__Instructions to follow__.
Copy out every line of the material below, character for character, apart from the pictures.

__Collected data__.
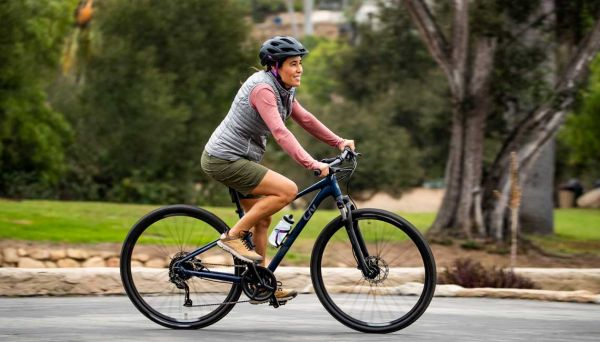  woman of colour cycles a hybrid bike, smiling, along the road. She's wearing shorts, a gilet and a helmet.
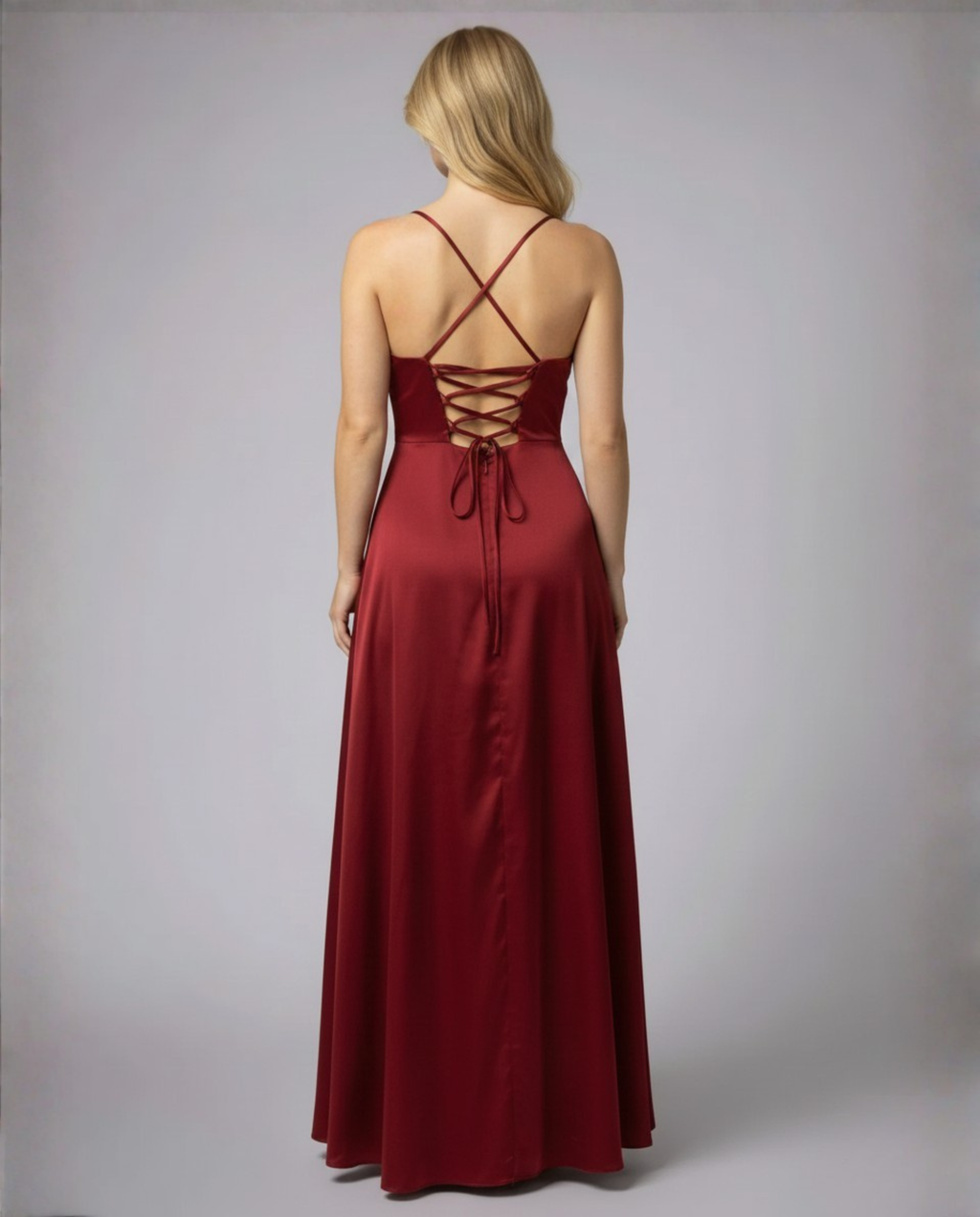 Women's flowing silk maxi dress with braided back, styled occasion look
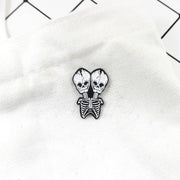 Conjoined skull Brooch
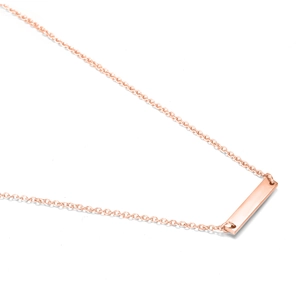 Macro shot of minimalist rose gold rectangular bar pendant necklace with thin cross chain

__The completed task__.
  woman of colour cycles a hybrid bike, smiling, along the road. She's wearing shorts, a gilet and a helmet.
 Women's flowing silk maxi dress with braided back, styled occasion look
 Conjoined skull Brooch
 Macro shot of minimalist rose gold rectangular bar pendant necklace with thin cross chain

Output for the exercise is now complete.